She began out as being good, however then she began to make up tales, telling our father that my youthful brother was stealing cash.

She picked a combat with my siblings and ended up convincing our father to not have any contact with us. She is not going to let me converse with him.

We’re not in a position to talk in any respect with Dad, and this considerations me. This girl has instructed my father quite a few lies, and I’m very troubled that she could also be stealing cash from him. Any ideas or recommendation?
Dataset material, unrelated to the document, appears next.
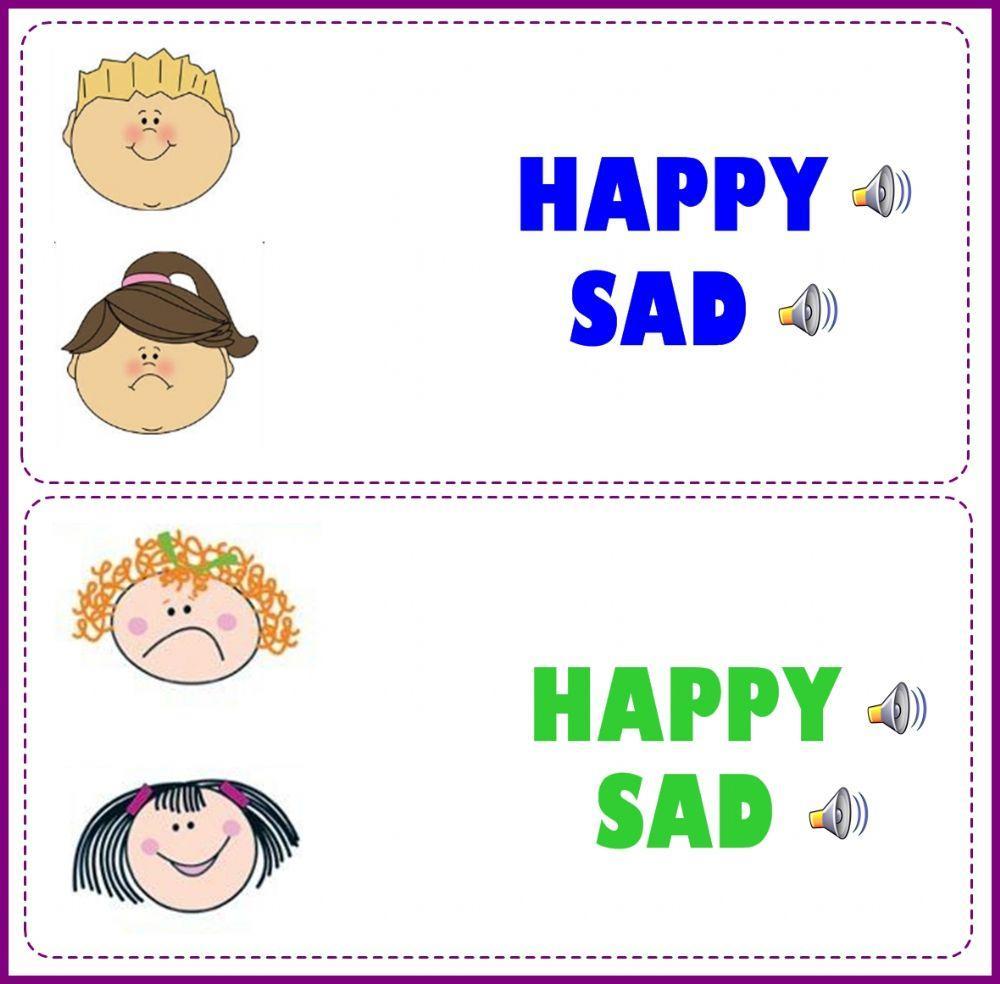 Happy - sad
Frightened: I agree that any time a romance takes place at high velocity after which rapidly turns into the reason for household estrangement is trigger for fear. So-called “romance scams” are on the rise, and the aged are susceptible. One would possibly assume that an aged girl won’t perpetrate a romance rip-off, and but — why not? You would possibly examine this girl’s background.

You do not point out your father’s well being, and at this level you won’t concentrate on any well being considerations as a result of you haven’t had entry to him, however he could be experiencing cognitive decline or different well being issues that render him extra susceptible to her management.
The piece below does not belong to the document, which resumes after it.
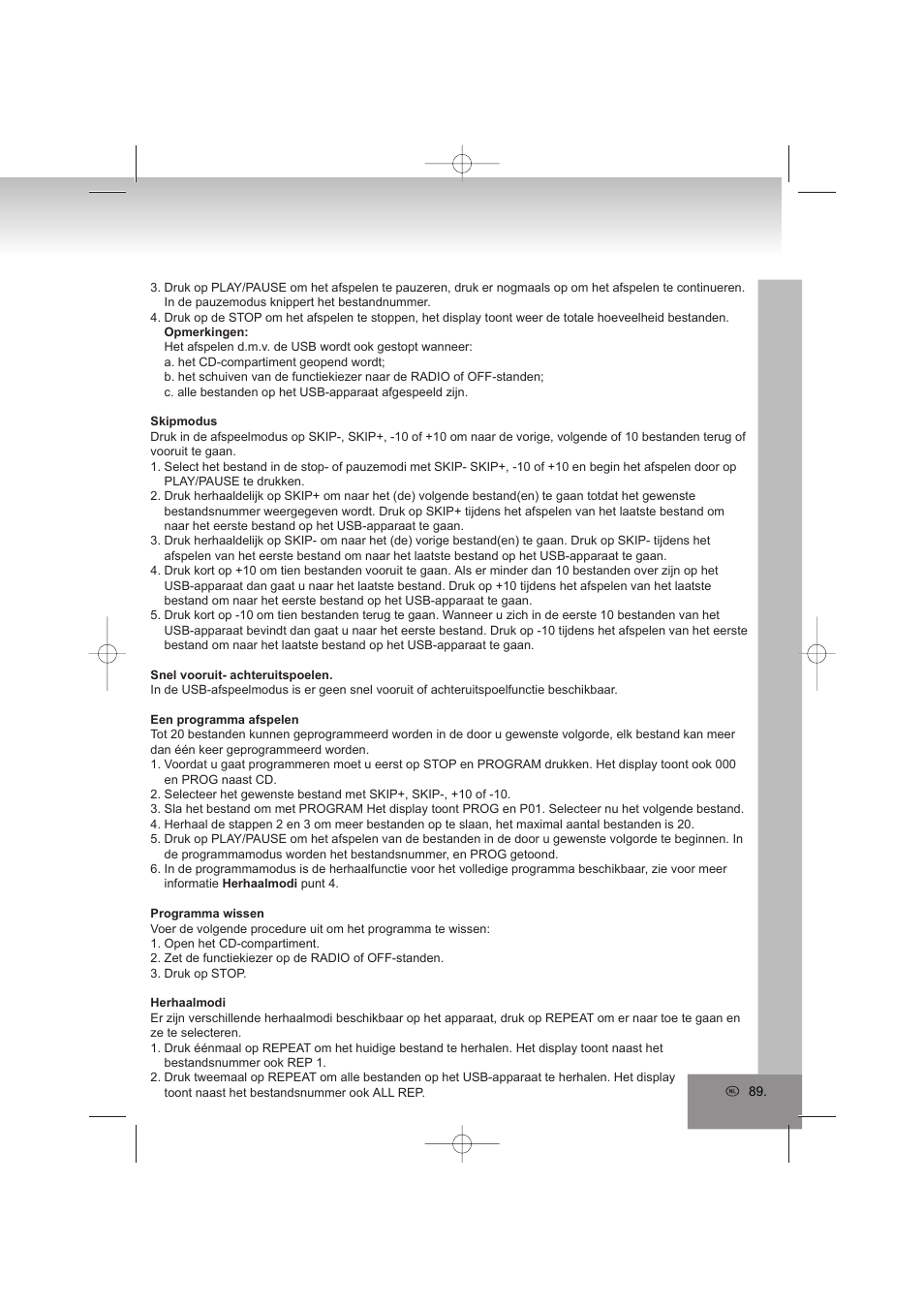 Elta 6698RB User Manual | Page 89 / 142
In your state (Oregon) you possibly can name to report your considerations about an grownup being remoted or abused: 1-855-503-SAFE (7233). This can be a statewide hotline to report abuse or neglect, and the decision goes to the Division of Human Companies.
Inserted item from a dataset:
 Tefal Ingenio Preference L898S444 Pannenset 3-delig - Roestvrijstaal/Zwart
You possibly can additionally contact your native Space Company on Getting older (AAA) to talk with a case employee to see if they’ll conduct a wellness examine at your father’s residence.

Expensive Amy: My ex from over 40 years in the past died final week. I’m 79 and I’ve a 50-year-old daughter with my ex. The ex named his different two kids as beneficiaries on his life insurance coverage. He didn’t title my daughter as a beneficiary.

My ex and I have been by no means married, however he did marry the mom of his different two kids. My daughter is harm by this omission. He was a troubled man with substance abuse points.

I offered my daughter with an attractive life. She is a profitable individual with a grasp’s diploma and is properly appreciated by everybody who is aware of her.

I say that we should always not attend his funeral. Do you assume that we should always attend, or ought to we offer the final word snub to him, as he doesn’t deserve our presence at this funeral?

Upset: I say that this determination shouldn’t in any method be in your arms. Your daughter is a 50-year-old girl who has the accountability to make this selection on her personal.

You don’t point out something about what sort of relationship she had along with her father.

Typically, I do consider that attending a memorial service might help to heal even an advanced emotional connection. It is very important formally say goodbye — even when what you’re saying goodbye to is a difficult a part of your personal fractured historical past.

Your solely job right here is to encourage your daughter to make the selection that serves her the perfect and to help her selection. Attending this funeral is not going to erase her wounded emotions. However egging her on to retaliate is not going to erase her wounded emotions, both — in truth, I consider that an try to punish her father (even symbolically) may backfire and amplify her unhappiness and anger.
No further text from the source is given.